Records for processing:
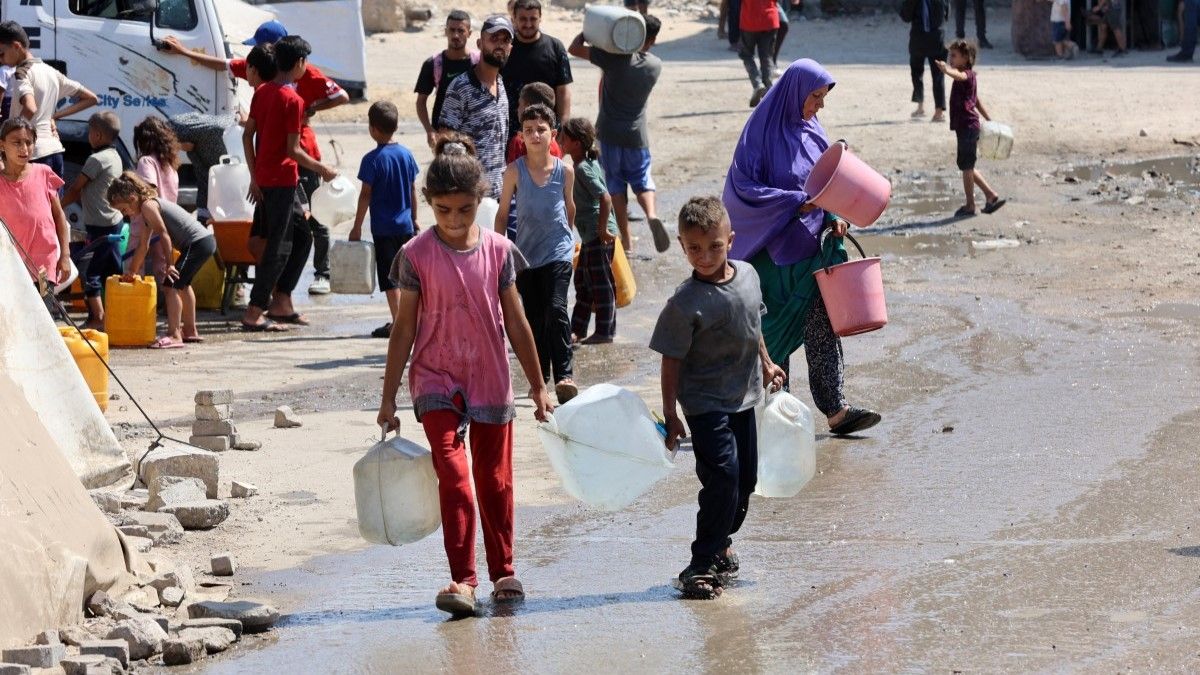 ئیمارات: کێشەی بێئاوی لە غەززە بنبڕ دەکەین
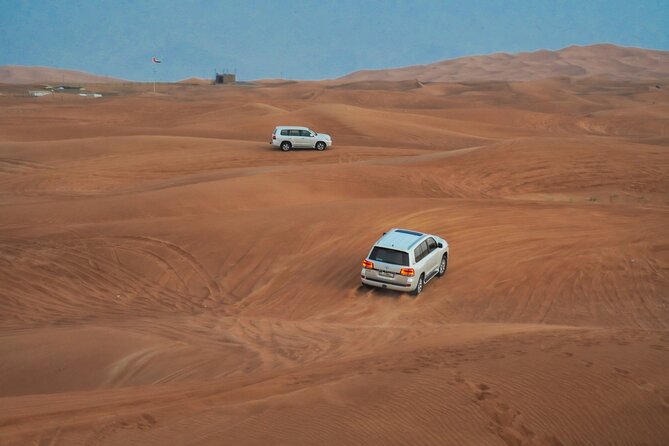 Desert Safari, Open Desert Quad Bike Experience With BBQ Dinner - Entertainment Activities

==

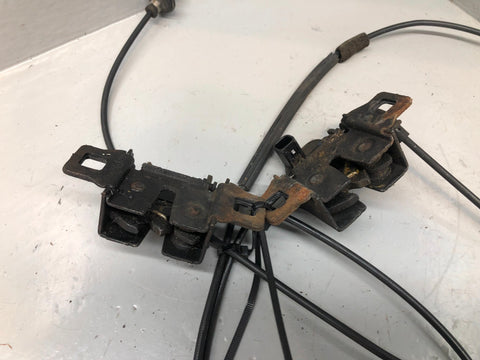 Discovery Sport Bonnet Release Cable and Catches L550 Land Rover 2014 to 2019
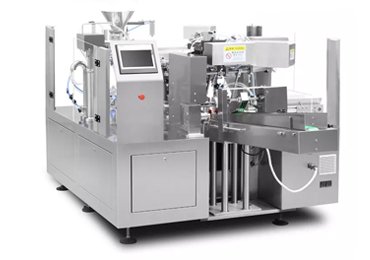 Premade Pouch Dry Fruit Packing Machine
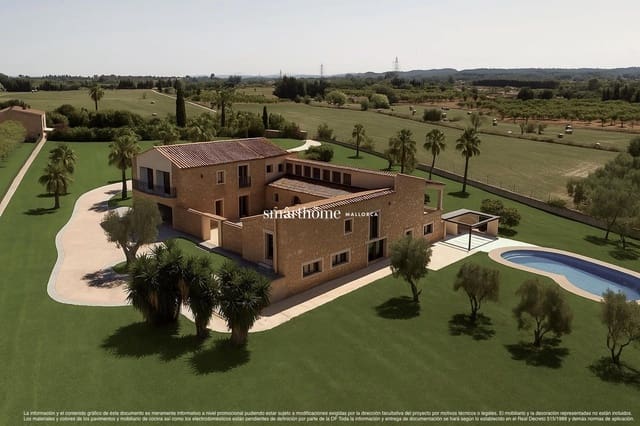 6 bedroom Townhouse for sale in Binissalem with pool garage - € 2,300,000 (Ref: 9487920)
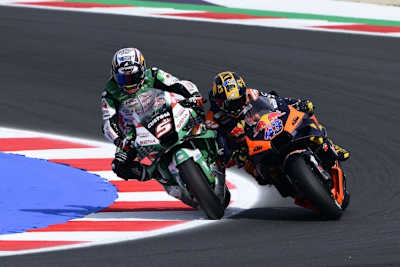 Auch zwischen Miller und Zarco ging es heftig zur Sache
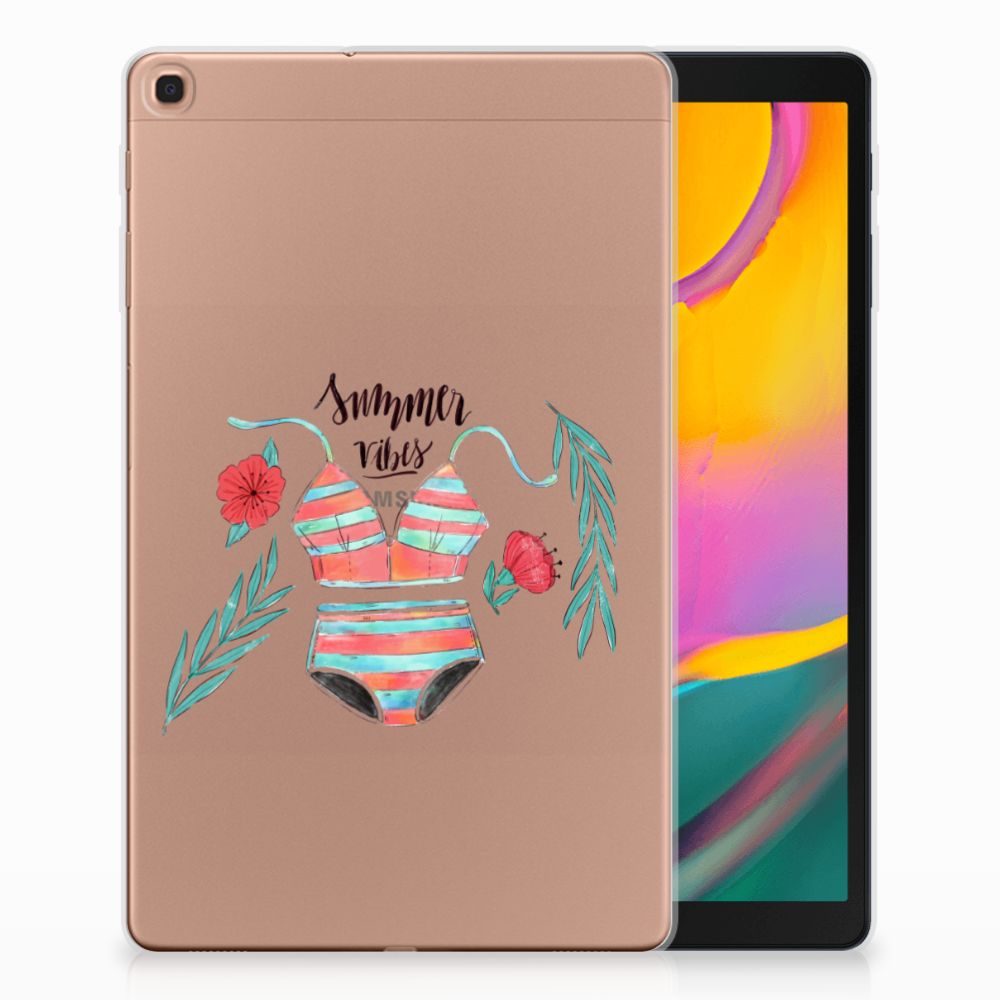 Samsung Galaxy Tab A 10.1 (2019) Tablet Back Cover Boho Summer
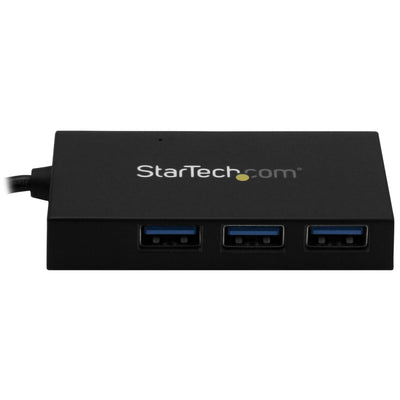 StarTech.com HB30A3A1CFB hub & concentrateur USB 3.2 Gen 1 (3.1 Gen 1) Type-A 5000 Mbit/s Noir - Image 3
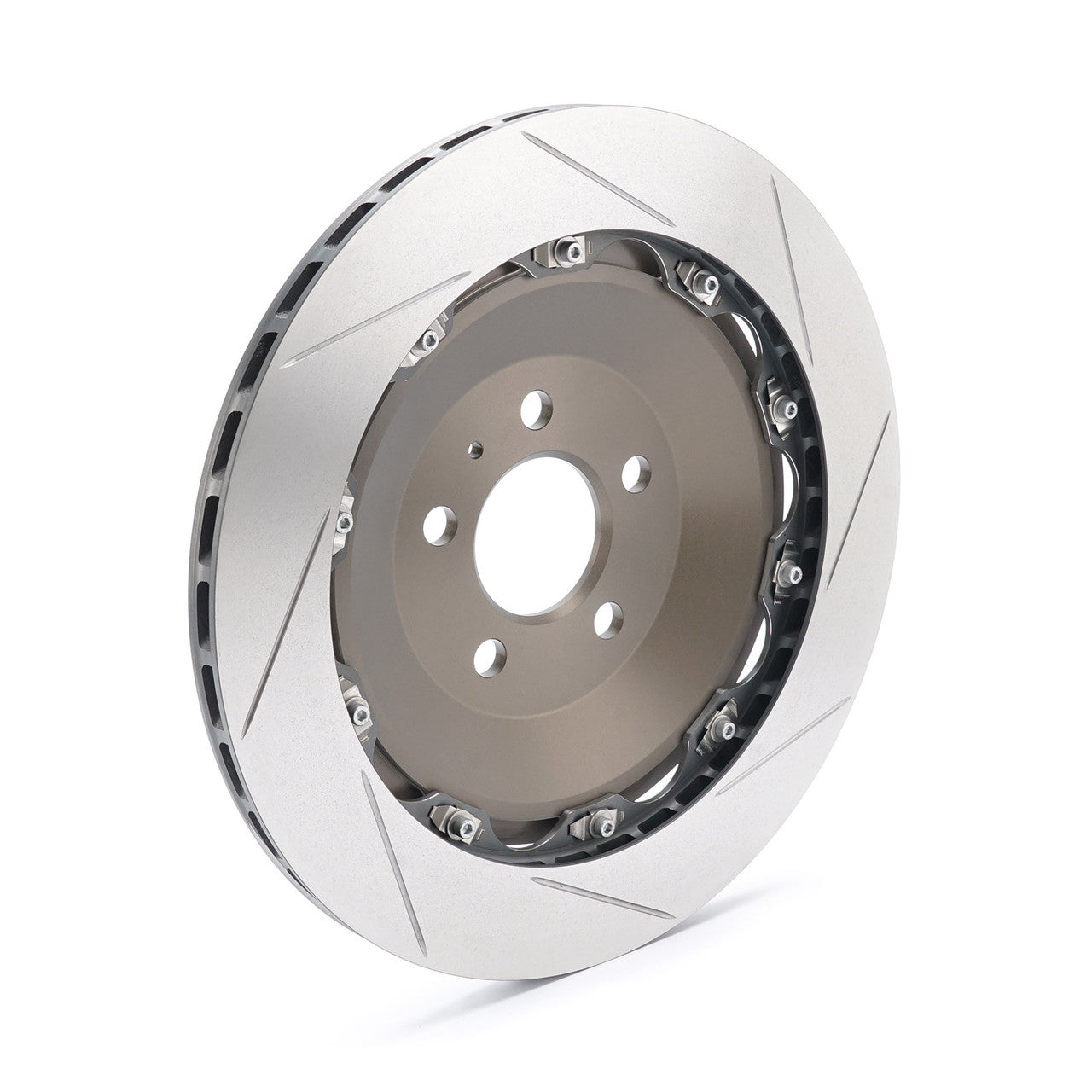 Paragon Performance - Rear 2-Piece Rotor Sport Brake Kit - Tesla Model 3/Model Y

Exercise:
Every line above between the one containing "6 bedroom Townhouse" and the one containing "StarTech.com HB30A3A1CFB hub", those two included, is to be printed exactly. No pictures go into the copy.

Solution for this task:
 6 bedroom Townhouse for sale in Binissalem with pool garage - € 2,300,000 (Ref: 9487920)
 Auch zwischen Miller und Zarco ging es heftig zur Sache
 Samsung Galaxy Tab A 10.1 (2019) Tablet Back Cover Boho Summer
 StarTech.com HB30A3A1CFB hub & concentrateur USB 3.2 Gen 1 (3.1 Gen 1) Type-A 5000 Mbit/s Noir - Image 3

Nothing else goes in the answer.